Metabolites of Vinca Alkaloid Vinblastine: Tubulin Binding and Activation of Nausea-Associated Receptors.

ACS omega

Caroline Manto Chagas, Laleh Alisaraie

Affiliations

  1. School of Pharmacy, Memorial University of Newfoundland, 300 Prince Philip Dr., A1B 3V6 St. John's, Newfoundland, Canada.
  2. Department of Chemistry, Memorial University of Newfoundland, A1B 3X7 St. John's, Newfoundland, Canada.

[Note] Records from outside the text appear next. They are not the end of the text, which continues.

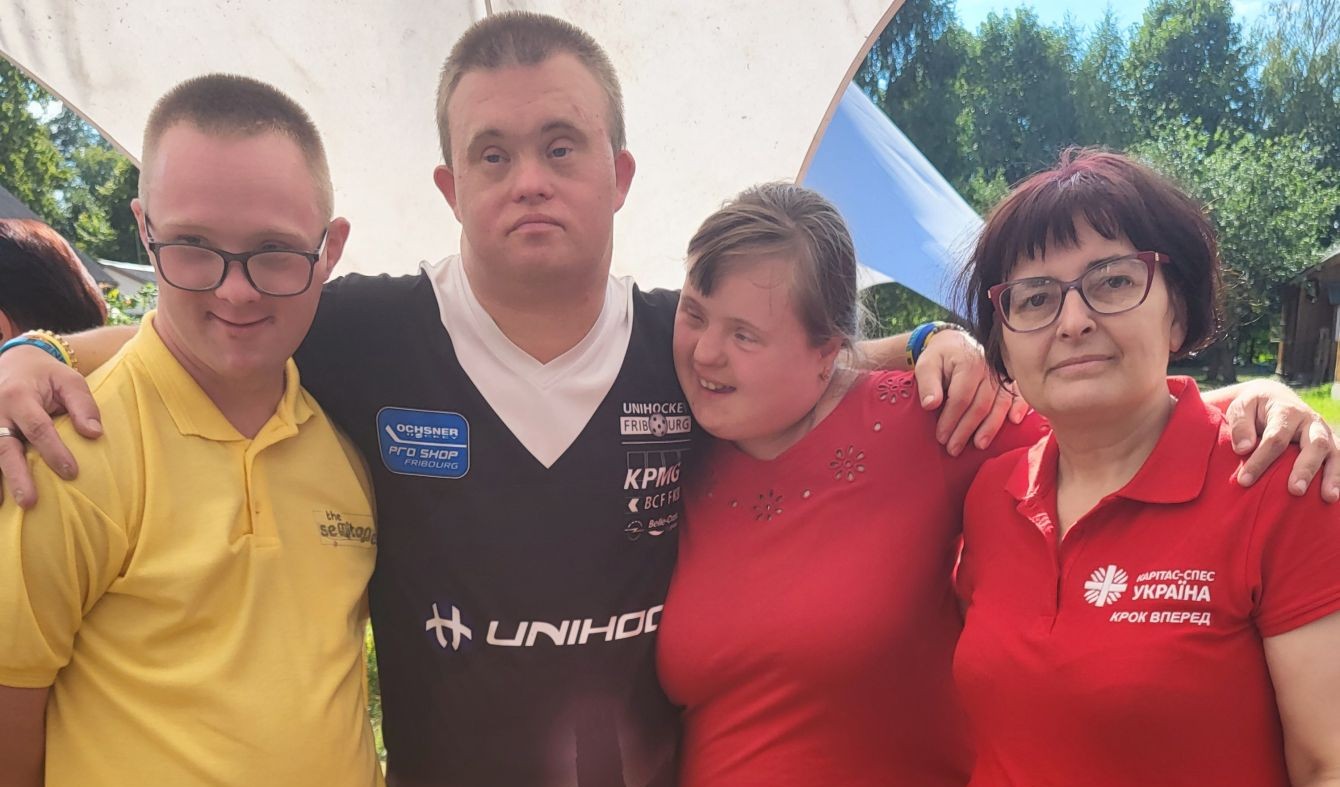 Saugiai reabilitacijai specialiųjų poreikių Ukrainos vaikams Lietuvos Caritas skyrė 60 tūkst. eurų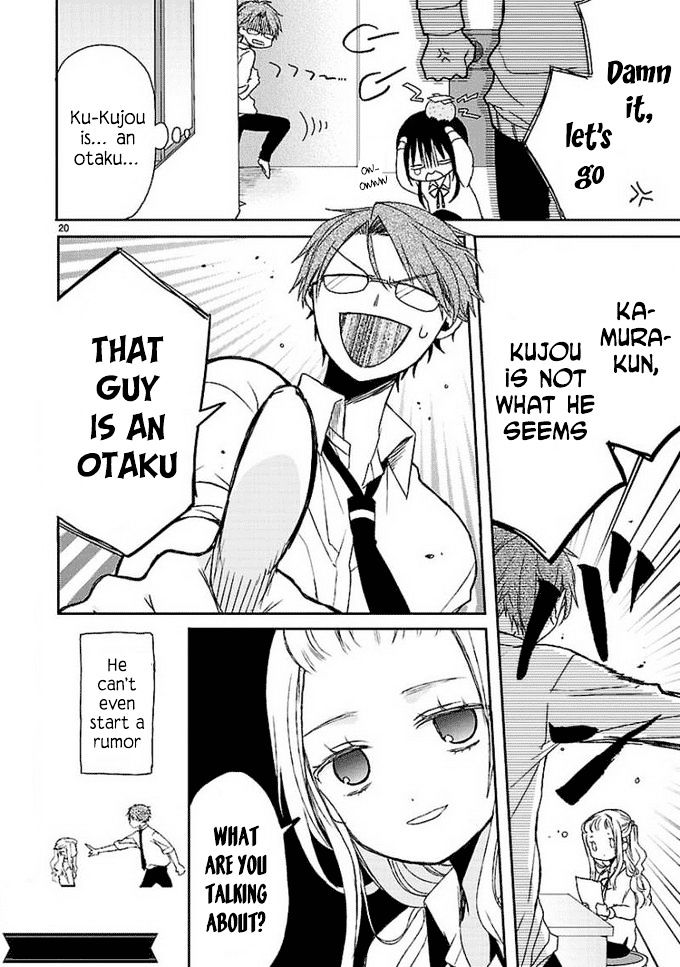 Kaichou-kun no Shimobe Chapter 9 page 22 - Chapter 9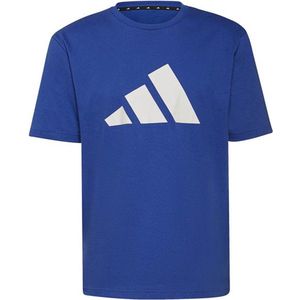 Adidas M FI 3B Sportshirt Heren Blauw
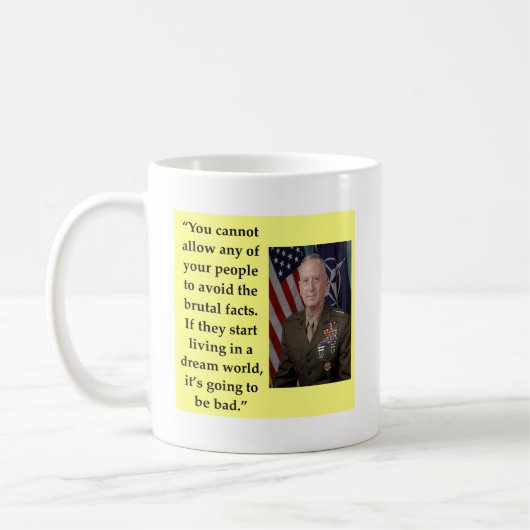 James mattis kaffeetasse (Links)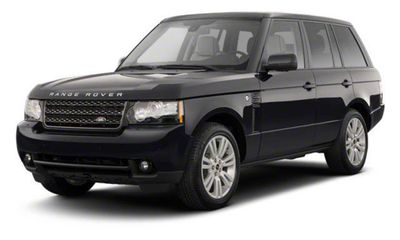 2012 Land Rover Range HSE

PMID: 31460070 PMCID: PMC6648052 DOI: 10.1021/acsomega.9b00652

Abstract

Vinblastine (VLB) is an antimitotic drug that binds to the vinca site of tubulin. The molecule possesses a high molecular weight and a complex chemical structure with many possibilities of metabolization. Despite advances in drug discovery research in reducing drug toxicity, the cause and mechanism of VLB-induced adverse drug reactions (ADRs) remains poorly understood. VLB is metabolized to at least 35 known metabolites, which have been identified and collected in this present work. This study also explores how VLB metabolites affect nausea-associated receptors such as muscarinic, dopaminergic, and histaminic. The metabolites have stronger binding interactions than acetylcholine (ACh) for muscarinic M

Conflict of interest statement

The authors declare no competing financial interest.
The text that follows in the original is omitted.